On an early spring afternoon outside the Rijksmuseum, Amsterdam’s mecca of Dutch Golden Age painting, queues are stretching all the way up to the adjacent park square. Six weeks have passed since the opening of the museum’s blockbuster Vermeer show—billed as a “once in a lifetime” event, the exhibition features the largest number of the artist’s works ever assembled, and the largest ever likely to be again—and the feverish interest surrounding it shows no sign of abating. 

By the exhibition’s second day in February, all 450,000 entry slots had sold out, meaning tickets are now about as precious a commodity as a flower bulb at the height of tulip mania. Visitors have flown in from all four corners of the globe to witness it, seeking what is arguably spring 2023’s most coveted accessory: a yellow entry wristband.
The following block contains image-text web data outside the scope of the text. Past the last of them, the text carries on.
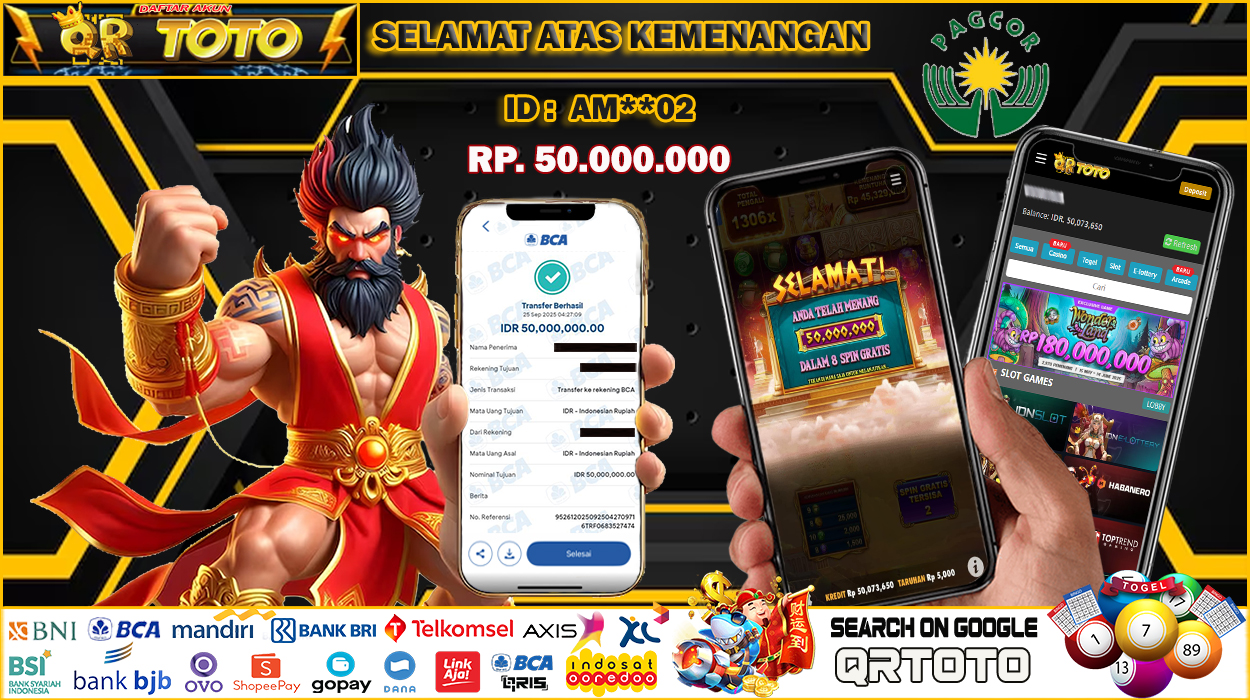 QRTOTO Jackpot Slot Rp 50.000.000 ~ LUNAS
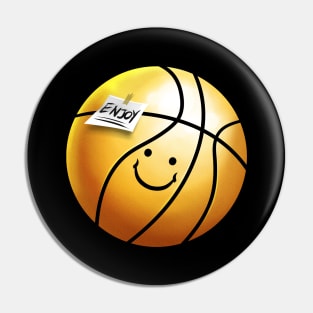 Baketball With Friendly Face And Sticker Pin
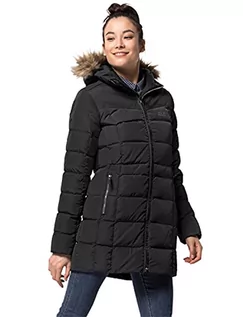 Płaszcze damskie - Jack Wolfskin damskie Baffin Island Coat puchowa, płaszczyk wiatroodporny, oddychający,, czarny, xl 1203332-6000005 - grafika 1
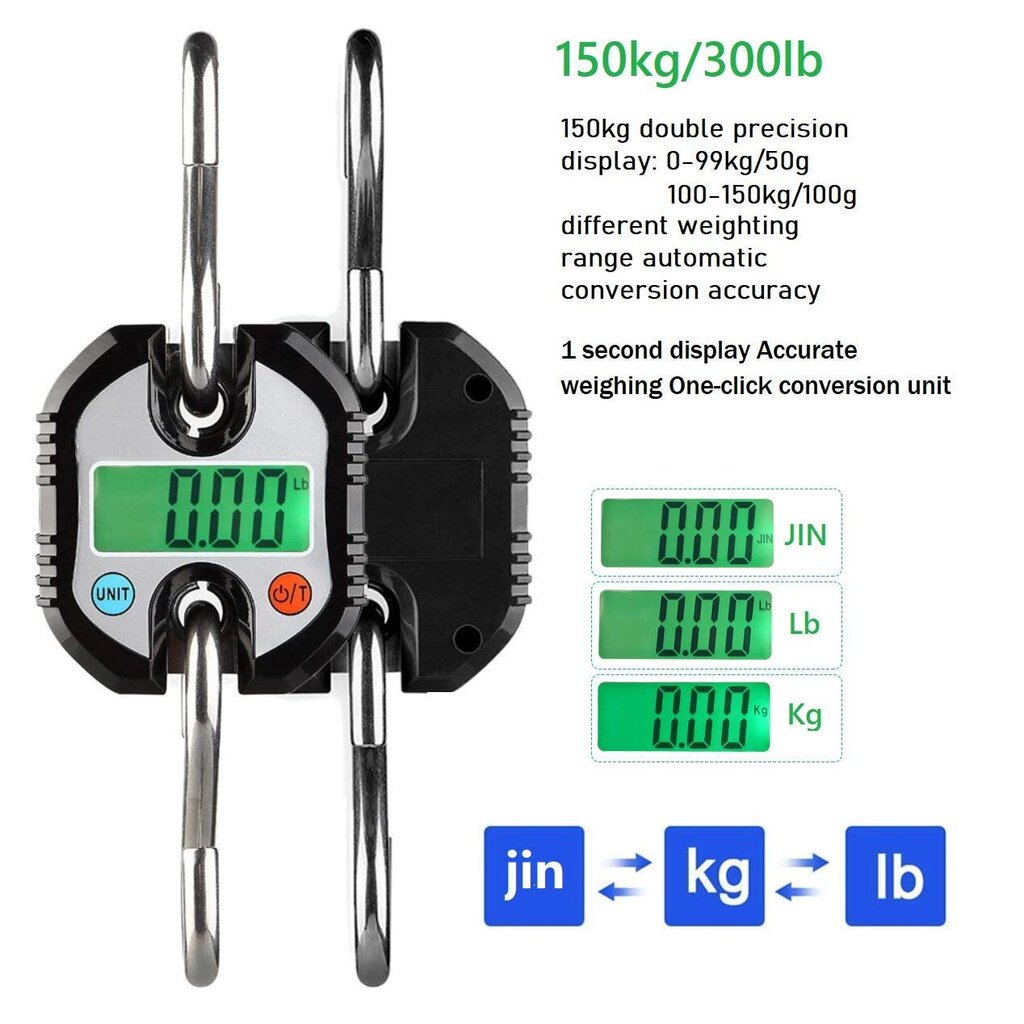 Nosturivaaka 150 kg Kaksinkertainen tarkkuus elektroninen digitaalinen koukkuvaaka Mini LCD-silmukainen ripustusvaaka hinta ja tiedot | Puhelimen lisätarvikkeet | hobbyhall.fi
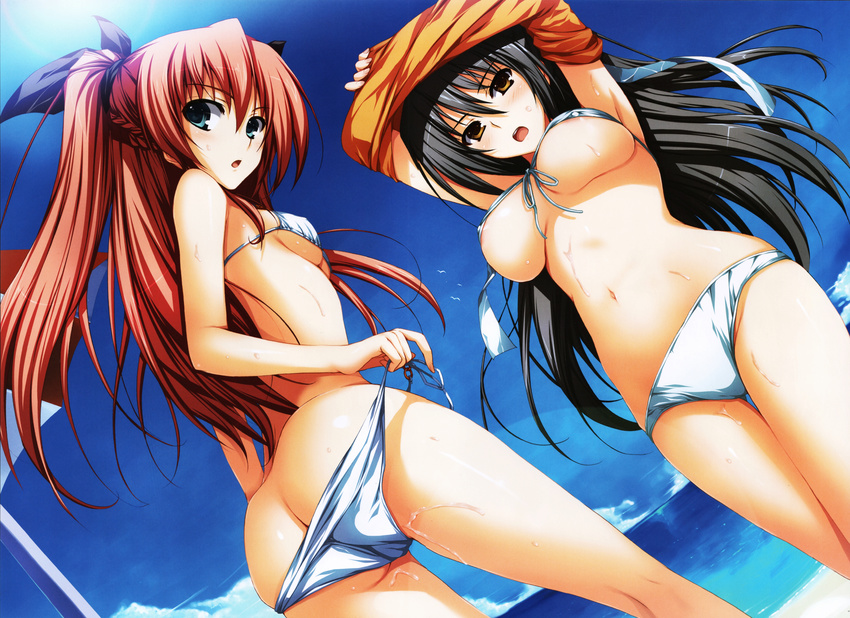 2girls :o absurdres akatsuki_no_goei armpits arms_up ass bad_id bad_yandere_id beach beach_umbrella bikini black_hair blue_eyes blush breasts brown_eyes butt_crack cameltoe day from_behind front-tie_top highres horizon large_breasts looking_at_viewer looking_back midriff multiple_girls nanjou_kaoru navel nikaidou_reika outdoors parted_lips pink_hair sand stomach swimsuit tomose_shunsaku trefoil umbrella underboob water white_bikini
The frenzied clamor for tickets has probably only been matched recently by the announcement of Beyoncé’s Renaissance tour—except, in this case, the gilded megastar in question is an unassuming 17th-century genre painter and not-very-successful art dealer from the sleepy Dutch city of Delft. 
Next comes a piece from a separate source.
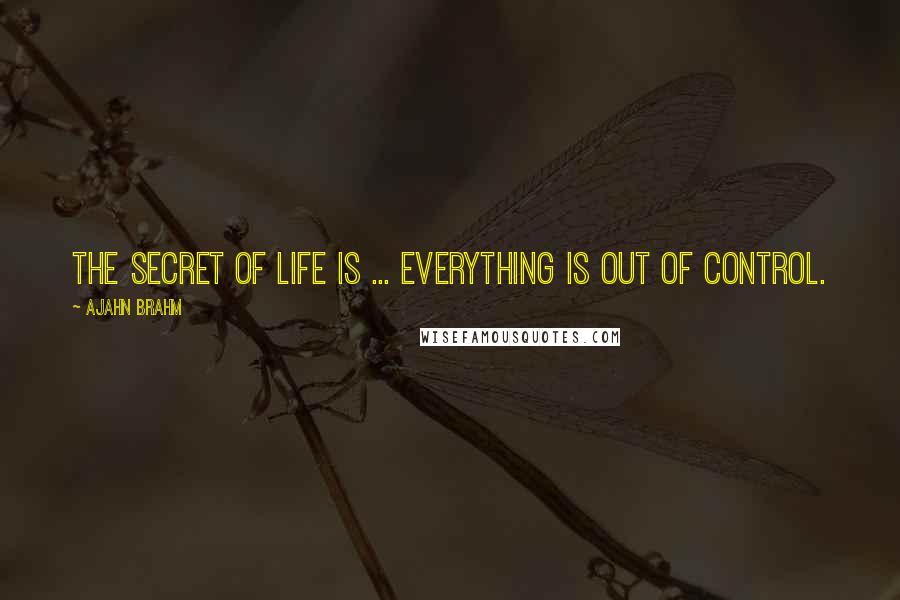 Ajahn Brahm quotes: The secret of life is ... everything is out of control.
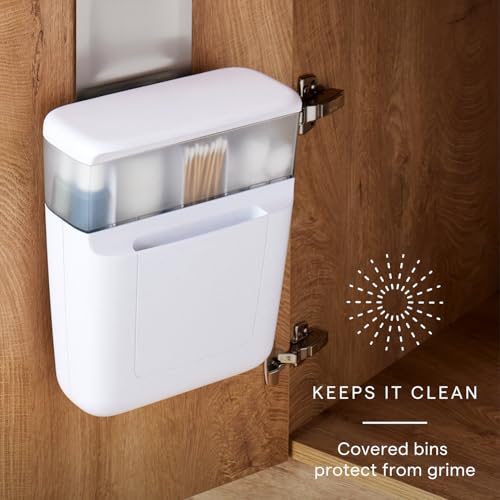 YouCopia DoorStash Toiletry Organizer, Hanging Bathroom Cabinet Door Organizer with 3 Adjustable Compartments and Covered Lid for Accessory Organization - size: Toiletry Organizer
What, exactly, is it about Vermeer—one of the stillest, smallest voices within the pantheon of Old Master painting—that has made him such a world-dominating phenomenon? During his lifetime, the artist was well-respected, but not exactly well-known: he is believed to have worked mostly with the same patron in his hometown up to Vermeer’s untimely death at the age of 43, and word of his remarkable sensitivity and technical prowess didn’t reach much further than the outer ring of Delft’s canals and those of the nearby city of The Hague. Following that, he wallowed in obscurity for centuries before he was rediscovered in the latter half of the 19th century by a pair of French art historians. A notable mention in Proust’s À la recherche du temps perdu, in which the artist’s View of Delft offers the protagonist a moment of revelatory beauty so profound he dies on the spot, helped to spread the word; as did, much later, the fictionalization of his life in Tracy Chevalier’s 1999 bestseller Girl with a Pearl Earring. But none of this explains what it is about the quietude and unpretentiousness of Vermeer’s work that continues to capture the contemporary imagination.
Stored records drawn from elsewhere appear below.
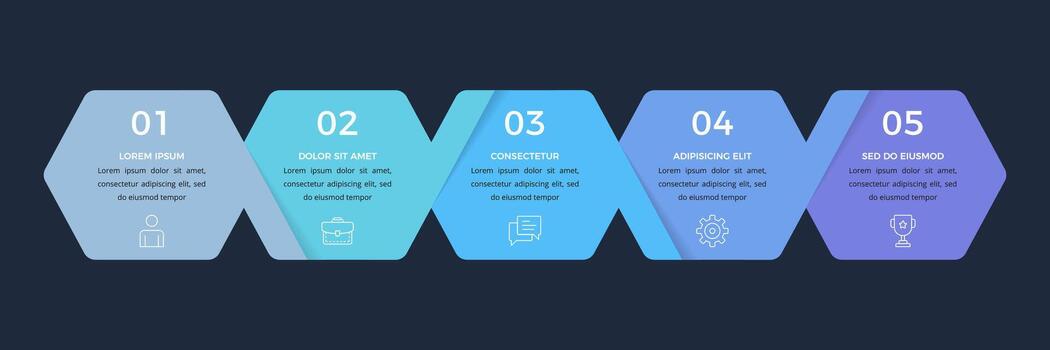 infografía modelo presentando un horizontal diseño con cinco hexagonal elementos, oscuro antecedentes vector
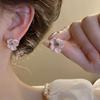 Pendientes de Flor de Amor con Goteo de Aceite Chapados en Oro Real Serie Rosa Pendientes Nuevos de Verano Pendientes con Corazón de Chica Dulce Corea del Sur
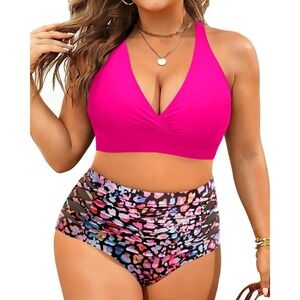 YONIQUE 2 Piece Swimsuit 18W Pink Floral High Waist Bikini Plus Size NWT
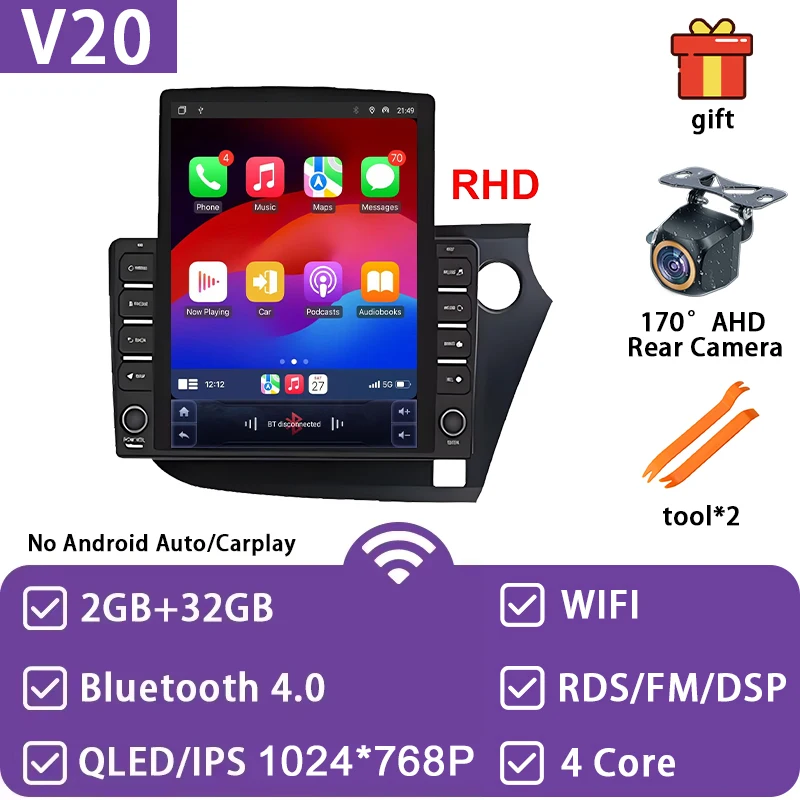 Android 15 Autoradio Voor HONDA INSIGHT 2009 2010 2011-2013 2014 Multimedia Video Player Navigatie GPS 4G WIFI Head Unit Geen 2din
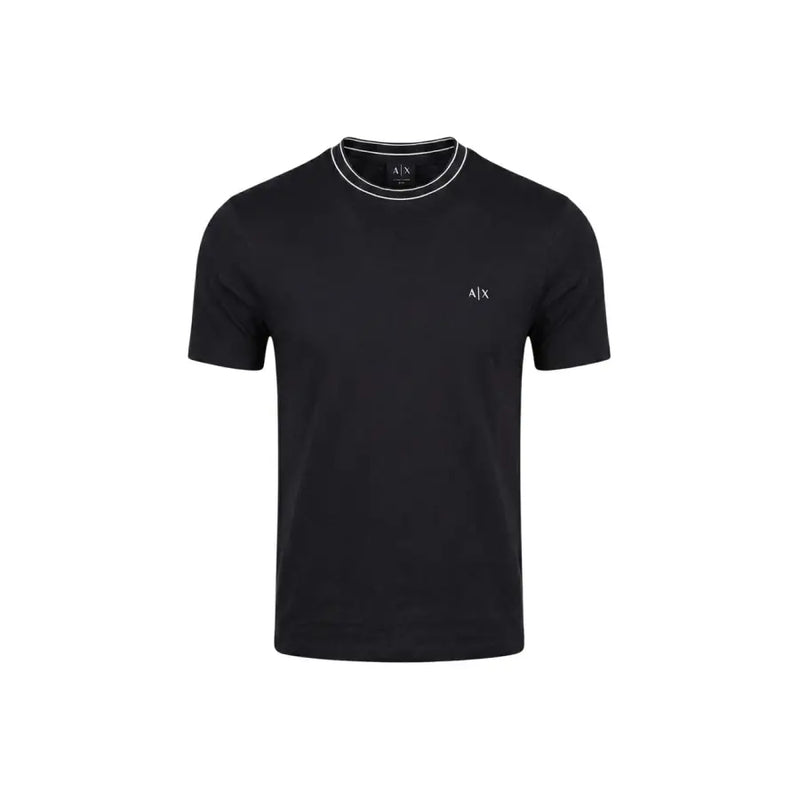 Noir Armani Exchange hommes t-shirt avec un col blanc et un petit logo brodé sur la poitrine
The curators of the exhibition—titled simply, definitively, “Vermeer”—have presented the exhibition in a way that lets us answer that question ourselves, or at least try to. There are no bells and whistles: the rooms are painted in sumptuous, darkened jewel tones, and hung with velvet curtains that echo those seen in Vermeer’s domestic scenes; simple semi-circular balustrades around the paintings distribute the thronging crowds around them evenly, allowing everyone a decent look; wall texts are deliberately placed in other parts of the room, forcing you to really look at the paintings, uninterrupted by the hunt for contextual clues. The spaces are laid out as elegantly, and with the same deceptive simplicity, as the rooms and doorways within the paintings themselves.